Sanders gave or signed off on a variety of explanations, according to the indictment, and it's not clear what he may have conveyed verbally. But it's clear he at least dismissed the locker room tale.

Kosinki sent one explanation, which Sanders agreed with, to Henley's attorney. Kosinski also assured Sotheby's that the musician had “no right” to the documents and requested that potential bidders be kept in the dark about Henley's complaints, the indictment said.

Sotheby's included the lyrics to “Hotel California” in a 2016 auction, but withdrew them after learning their ownership was in question. Sotheby's has not been charged in the case and declined to comment.

Henley privately purchased some draft lyrics from Gotta Have It! for $8,500 in 2012, when he also began filing police reports, according to court filings.

Defense attorneys allege that Henley found talented prosecutors to take his case rather than pursue a civil suit himself.

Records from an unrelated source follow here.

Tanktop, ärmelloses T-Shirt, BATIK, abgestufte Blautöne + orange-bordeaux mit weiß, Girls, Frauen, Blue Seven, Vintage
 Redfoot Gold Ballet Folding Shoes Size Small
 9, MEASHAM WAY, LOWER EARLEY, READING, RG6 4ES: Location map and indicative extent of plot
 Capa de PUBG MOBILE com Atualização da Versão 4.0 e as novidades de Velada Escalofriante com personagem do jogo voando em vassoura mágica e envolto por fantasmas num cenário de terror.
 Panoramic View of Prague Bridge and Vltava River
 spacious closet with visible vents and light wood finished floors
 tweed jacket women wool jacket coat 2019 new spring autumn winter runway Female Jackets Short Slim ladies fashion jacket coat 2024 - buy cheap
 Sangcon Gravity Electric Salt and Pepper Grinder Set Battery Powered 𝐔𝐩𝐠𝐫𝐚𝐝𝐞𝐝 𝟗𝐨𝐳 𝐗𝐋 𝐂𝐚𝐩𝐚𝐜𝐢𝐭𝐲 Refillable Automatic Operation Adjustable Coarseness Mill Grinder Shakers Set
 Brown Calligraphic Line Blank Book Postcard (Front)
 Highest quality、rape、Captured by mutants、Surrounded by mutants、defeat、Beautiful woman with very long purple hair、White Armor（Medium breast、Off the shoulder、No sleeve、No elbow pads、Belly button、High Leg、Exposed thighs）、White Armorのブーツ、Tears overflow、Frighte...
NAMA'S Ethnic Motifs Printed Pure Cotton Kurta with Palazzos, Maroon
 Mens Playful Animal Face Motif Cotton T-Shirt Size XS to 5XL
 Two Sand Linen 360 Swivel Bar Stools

The district attorney's office worked closely with Henley's legal team, and one investigator was even eager to obtain backstage passes for an Eagles show — until the district attorney said the idea was “wholly inappropriate,” Kosinki's lawyers said in court papers.

Prosecutors dismissed questions about their motives as a “conspiracy theory, not a legal defense.”

Last year, they wrote in court papers: “It is the defendants, not prosecutors, who are prosecuted.”